Non pas que je lui reconnaisse la moindre valeur historique ou spirituelle – le texte est suffisament fantaisiste pour se ranger aux côté des pires élucubrations gnostiques – ou qu'il ait, un jour, été reconnu par une branche méconnue de l'Eglise. Non. Seulement, il lui manque cruellement une caratéristique fondamentale pour parler d'apocryphe : l'ancienneté.

Alors, je sais bien, on me taxera d'être partisan, et de rejeter ce texte – pourtant prétendument écrit par "Barnabé, apôtre de Jésus Nazaréen appelé Christ" – parce qu'on y lit qu'à peine créé, "Adam vit, en l’air, une inscription brillante comme le soleil. Elle disait : « Il n’y a qu’un seul Dieu, et Muhammad est le Messager de Dieu »" ou parce que le Jésus qui y est campé ressemble trop au Jésus de l'islam, mais en fait, ce n'est pas cela.

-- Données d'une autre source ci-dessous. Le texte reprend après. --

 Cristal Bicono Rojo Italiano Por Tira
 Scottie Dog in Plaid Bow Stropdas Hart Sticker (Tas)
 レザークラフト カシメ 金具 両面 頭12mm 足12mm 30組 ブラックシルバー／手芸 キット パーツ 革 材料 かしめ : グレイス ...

Si dans le prétendu récit d'un voyageur à Paris, au XVIII° siècle, vous lisiez que "après avoir visité la Grande Tour de Métal, nous sommes descendus jusqu'à la basilique du Sacré-Coeur", vous sauriez immédiatement que vous avez affaire à une supercherie : non seulement ni la Tour Eiffel (l'identification semble logique) ni la basilique du Sacré-Coeur n'étaient encore édifiées, mais en outre, il est impossible de descendre au Sacré-Coeur, situé au sommet de la colline de Montmartre.

Or, ce sont des bourdes de cette ampleur qui émaillent le texte de "Barnabé" : l'auteur ne connaît manifestement correctement ni la géographie, ni les moeurs, ni les fonctionnements politico-religieux de la province de Syrie-Palestine à l'époque de Jésus.

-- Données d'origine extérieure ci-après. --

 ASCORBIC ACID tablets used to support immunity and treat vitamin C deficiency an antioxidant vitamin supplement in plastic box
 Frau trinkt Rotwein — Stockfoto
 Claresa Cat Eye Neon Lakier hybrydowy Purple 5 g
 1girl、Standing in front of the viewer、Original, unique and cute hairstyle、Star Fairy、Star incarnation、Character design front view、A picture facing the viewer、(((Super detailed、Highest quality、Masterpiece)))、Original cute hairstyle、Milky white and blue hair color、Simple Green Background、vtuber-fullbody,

Par contre, divers détails (linguistiques, sociologiques, historiques) orientent vers un auteur post-médiéval du sud de l'Europe.

J'en étais là de mes reflexions sur ce texte dont on ne connait que deux manuscrits, l'un italien, l'autre espagnol, et je sentais que je pataugeais. Il me manquait des éléments. J'avais bien entendu parler d'une possible origine morisque, mais ne m'étais pas attardé à cette hypothèse... et puis d'abord, c'est qui, ces morisques ?

C'est pourtant en fouillant de ce côté que le texte prend tout son sens.

Que l'on se rappelle les "Livres de plomb du Sacromonte", à Grenade, une supercherie espagnole, au tournant des XVI° et XVII° siècles.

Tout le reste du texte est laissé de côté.